Member of the National Assembly
- In office until 9 June 2006

Personal details
- Born: Ratshivhanda Samson Ndou 28 December 1939 (age 85)
- Citizenship: South Africa
- Political party: African National Congress

= Samson Ndou =

South African politician and trade unionist (born 1939)

Ratshivhanda Samson Ndou (born 28 December 1939) is a South African politician and former trade unionist. During apartheid, he was a prominent member of a network of Charterist union organisers in the Transvaal, as well as a founding member of the United Democratic Front (UDF) and president of the General and Allied Workers' Union (GAWU).

After the end of apartheid, he represented the African National Congress (ANC) in the National Assembly, in the Limpopo Provincial Legislature, and in the Vhembe District Council.

== Early life and activism ==
Ndou was born on 28 December 1939. He joined the African National Congress (ANC) at an early stage of the anti-apartheid struggle and he remained active in its underground after it was banned by the government in 1960. He was part of an underground network of labour activists in the Transvaal – also including Rita Ndzanga, Sydney Mufamadi, and others – who were associated with the South African Congress of Trade Unions (SACTU), which was allied to the ANC but had itself been banned in 1962.

=== Communism trial ===
Ndou was arrested in May 1969 and detained without trial for several months before being charged with violations of the Suppression of Communism Act. In State v Samson Ndou and 21 Others, the state alleged that Ndou and various other ANC and SACTU supporters – among them Rita Ndzanga and Winnie Mandela – had in various ways sought to further the aims of the illegal ANC, including through conspiracy to commit sabotage in Johannesburg. All 22 defendants were acquitted and the trial was regarded as a political failure for the apartheid state, because it had revealed publicly that, despite the intense political repression of the decade, ANC supporters continued to mobilise underground.

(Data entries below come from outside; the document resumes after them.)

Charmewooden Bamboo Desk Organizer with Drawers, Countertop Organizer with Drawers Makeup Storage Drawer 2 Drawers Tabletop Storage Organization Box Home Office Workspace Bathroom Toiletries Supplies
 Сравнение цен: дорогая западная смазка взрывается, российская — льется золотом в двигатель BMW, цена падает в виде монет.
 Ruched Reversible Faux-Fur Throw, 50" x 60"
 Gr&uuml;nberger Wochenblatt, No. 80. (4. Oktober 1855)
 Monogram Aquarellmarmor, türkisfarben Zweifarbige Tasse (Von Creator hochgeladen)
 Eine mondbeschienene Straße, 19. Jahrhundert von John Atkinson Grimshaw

Decades later, Ndou testified to the Truth and Reconciliation Commission that he had been severely tortured by the Security Branch during his detention in 1969, as well as during a later detention in the summer of 1981. He and the other 21 triallists were awarded the Order of Luthuli in Silver in 2017 for "their brave fight against apartheid".

=== United Democratic Front ===
Upon his release, Ndou resumed his underground work, at the time focused primarily on recruitment activities and political education, such as through proliferation of the illegal Freedom Charter. He and other SACTU loyalists became increasingly involved in the Black Allied Workers' Union (BAWU), and Samson himself remained in contact with SACTU's exiled leadership abroad. However, when Rita Ndzanga broke away from BAWU in 1980, Ndou joined her in the new General and Allied Workers' Union (GAWU). He was later president of GAWU.

In 1983, Ndou made a speech at the Cape Town launch of the United Democratic Front (UDF), a new popular front against apartheid. He was also elected to the executive committee of the Transvaal Indian Congress after the congress was relaunched in the same year (though he was not himself Indian). In the mid-1980s, he became increasingly involved in running the UDF's national office as many of the front's national leaders were detained. During the same period, he was a key figure in organising the union unity talks that resulted in the formation of the Congress of South African Trade Unions in 1985.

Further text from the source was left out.